**AIM OF THE EXERCISE**.
From the line containing "Mensola da parete in rovere, 60" through the last line of the data, both ends included, write out every line exactly; omit the pictures.

**SOURCE MATERIAL**.
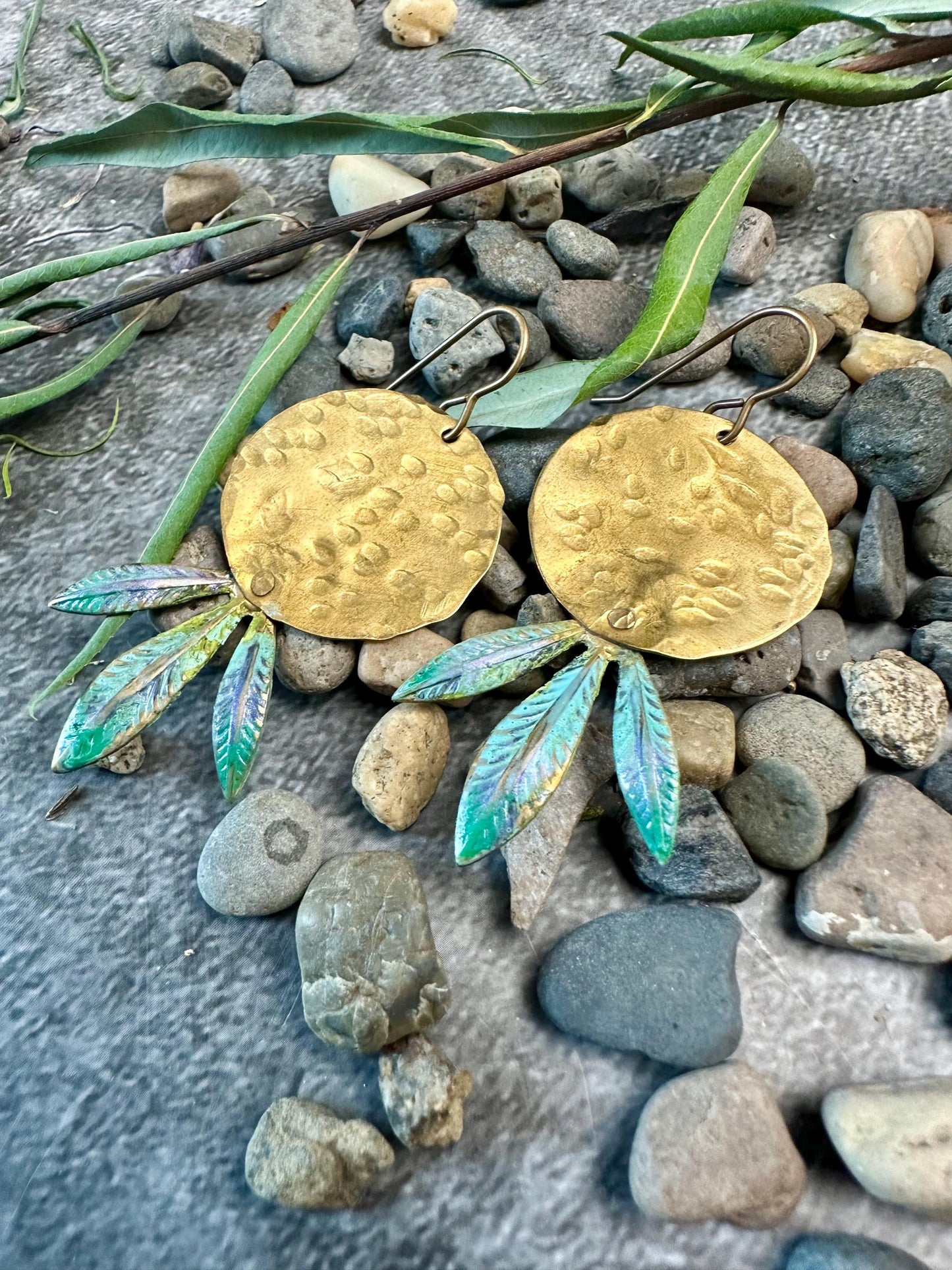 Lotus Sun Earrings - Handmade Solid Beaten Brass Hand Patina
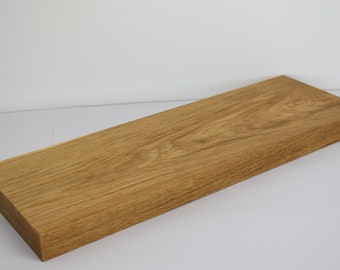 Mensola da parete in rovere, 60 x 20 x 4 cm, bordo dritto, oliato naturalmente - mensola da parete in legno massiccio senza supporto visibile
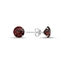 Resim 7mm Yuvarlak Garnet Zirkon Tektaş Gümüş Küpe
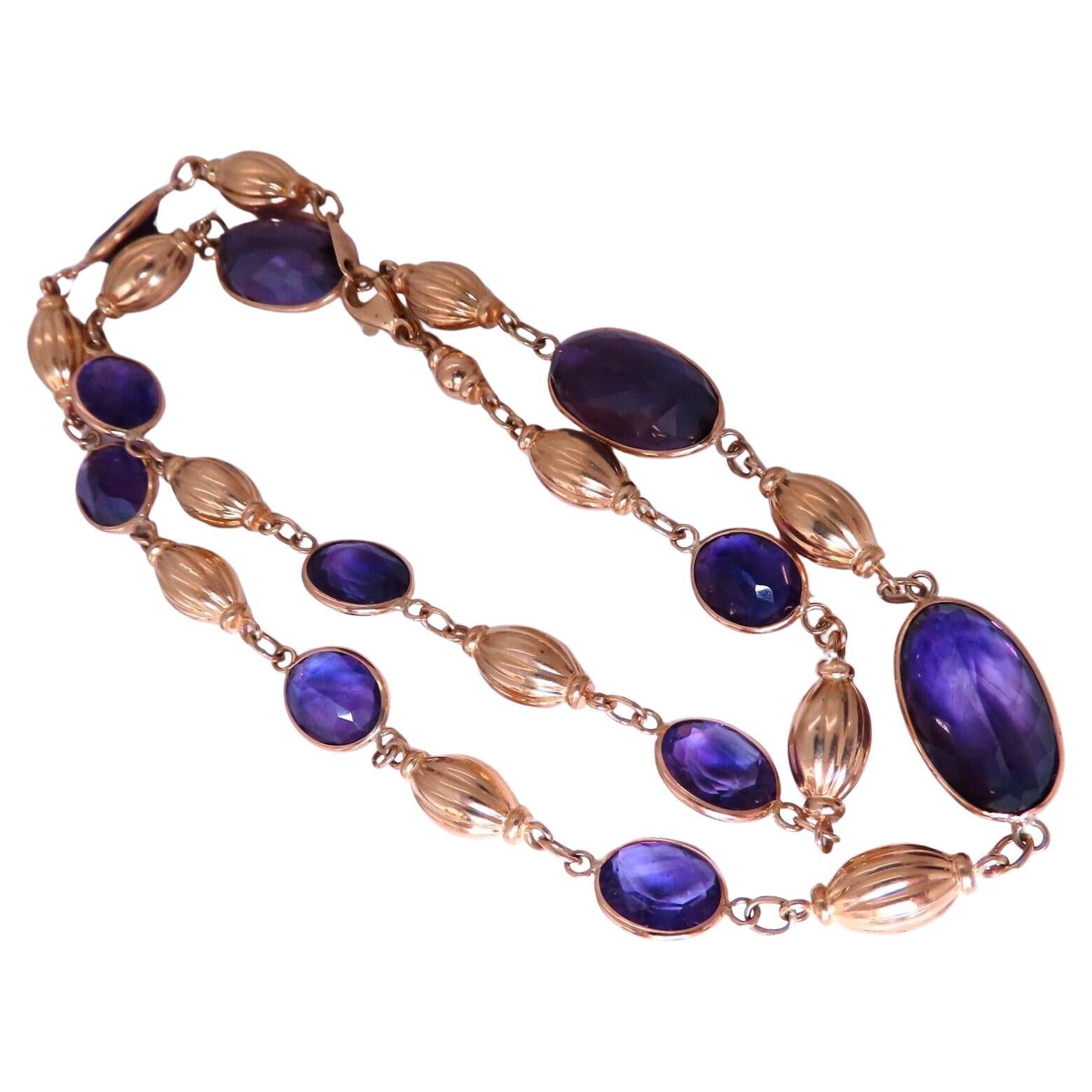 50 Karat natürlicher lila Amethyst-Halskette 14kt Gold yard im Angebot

**ANSWER AREA**.
 Mensola da parete in rovere, 60 x 20 x 4 cm, bordo dritto, oliato naturalmente - mensola da parete in legno massiccio senza supporto visibile
 Resim 7mm Yuvarlak Garnet Zirkon Tektaş Gümüş Küpe
 50 Karat natürlicher lila Amethyst-Halskette 14kt Gold yard im Angebot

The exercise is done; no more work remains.